The level of conversion can be measured by any method suitable to recognize Tregs. Such methods are known to the person skilled in the art. For instance, the level of conversion can be defined by measuring the expression level of the transcription factor FOXP3 (forkhead box p3). The expression of FOXP3 is required for regulatory T cell development and appears to control a genetic program specifying this cell fate. In addition, the two cell surface molecules CD4 and CD25 can be used to define the population of Tregs.

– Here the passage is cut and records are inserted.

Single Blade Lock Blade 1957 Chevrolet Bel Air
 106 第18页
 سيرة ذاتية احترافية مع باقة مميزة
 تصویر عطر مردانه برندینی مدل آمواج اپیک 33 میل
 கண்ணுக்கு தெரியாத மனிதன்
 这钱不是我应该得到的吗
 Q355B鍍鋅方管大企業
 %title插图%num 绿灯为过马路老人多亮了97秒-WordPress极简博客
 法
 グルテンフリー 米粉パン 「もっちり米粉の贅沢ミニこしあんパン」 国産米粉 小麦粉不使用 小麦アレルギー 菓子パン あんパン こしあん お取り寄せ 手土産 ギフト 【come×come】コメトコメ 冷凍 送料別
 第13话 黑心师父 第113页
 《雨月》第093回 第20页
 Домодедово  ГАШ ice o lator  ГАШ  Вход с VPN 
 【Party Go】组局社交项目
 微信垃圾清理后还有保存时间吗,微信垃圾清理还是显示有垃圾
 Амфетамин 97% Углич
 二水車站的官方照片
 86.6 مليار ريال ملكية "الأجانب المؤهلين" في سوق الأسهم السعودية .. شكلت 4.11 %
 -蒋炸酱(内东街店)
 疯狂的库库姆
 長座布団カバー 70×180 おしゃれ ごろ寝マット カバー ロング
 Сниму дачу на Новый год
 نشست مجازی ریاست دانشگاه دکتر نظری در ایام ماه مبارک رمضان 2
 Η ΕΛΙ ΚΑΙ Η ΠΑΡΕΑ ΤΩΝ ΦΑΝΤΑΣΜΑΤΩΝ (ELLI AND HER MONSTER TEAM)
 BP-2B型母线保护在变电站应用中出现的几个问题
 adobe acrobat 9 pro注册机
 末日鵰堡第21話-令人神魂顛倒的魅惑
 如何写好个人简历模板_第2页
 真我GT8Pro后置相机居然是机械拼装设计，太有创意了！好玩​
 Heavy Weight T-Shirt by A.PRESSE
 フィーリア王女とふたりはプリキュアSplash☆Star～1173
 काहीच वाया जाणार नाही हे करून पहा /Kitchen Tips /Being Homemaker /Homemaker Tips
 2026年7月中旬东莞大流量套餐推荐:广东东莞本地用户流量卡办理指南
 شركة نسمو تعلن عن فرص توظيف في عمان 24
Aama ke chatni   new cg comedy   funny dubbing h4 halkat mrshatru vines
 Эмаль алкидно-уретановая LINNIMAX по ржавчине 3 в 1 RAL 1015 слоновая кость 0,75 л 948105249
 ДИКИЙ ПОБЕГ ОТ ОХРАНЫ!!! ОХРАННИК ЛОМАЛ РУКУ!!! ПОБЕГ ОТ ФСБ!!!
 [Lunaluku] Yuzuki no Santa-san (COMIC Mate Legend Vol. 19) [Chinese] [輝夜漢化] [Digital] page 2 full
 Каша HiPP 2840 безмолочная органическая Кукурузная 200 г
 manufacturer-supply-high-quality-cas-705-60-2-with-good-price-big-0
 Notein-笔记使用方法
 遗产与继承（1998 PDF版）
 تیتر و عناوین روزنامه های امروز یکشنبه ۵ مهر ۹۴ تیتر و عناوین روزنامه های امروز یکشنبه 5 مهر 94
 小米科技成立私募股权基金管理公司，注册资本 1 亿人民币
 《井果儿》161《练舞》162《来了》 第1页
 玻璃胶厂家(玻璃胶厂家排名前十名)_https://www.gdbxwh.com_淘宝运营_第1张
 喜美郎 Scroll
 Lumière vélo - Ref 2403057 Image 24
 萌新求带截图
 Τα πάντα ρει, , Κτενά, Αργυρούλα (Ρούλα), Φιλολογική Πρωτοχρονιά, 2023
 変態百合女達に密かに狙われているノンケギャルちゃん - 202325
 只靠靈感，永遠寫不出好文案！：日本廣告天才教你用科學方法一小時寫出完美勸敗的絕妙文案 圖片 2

The determination of Foxp3 expression by means of FACS analysis is an accepted method in order to identify Tregs. Furthermore, the suppressive activity can be tested for in vitro. For this, the “potential” Tregs are cultivated with conventional T cells and stimulated. Tregs are able to inhibit the proliferation of conventional T cells (after stimulation). It is a further distinctive feature of both cell types that Tregs, in contrast to conventional T cells, do not proliferate in vitro, and do not produce IL2.

There are a series of molecules that are expressed by Tregs in addition to Foxp3, such as, for example neuropilin1, CTLA4, GITR, and CD103. Nevertheless, these molecules are also expressed by other cells (such as activated T cells), and thus can not be regarded as exclusive marker, such as Foxp3. The most reliable method in order to identify Tregs comprises testing the immunosuppressive function in vivo using one of the many available mouse models.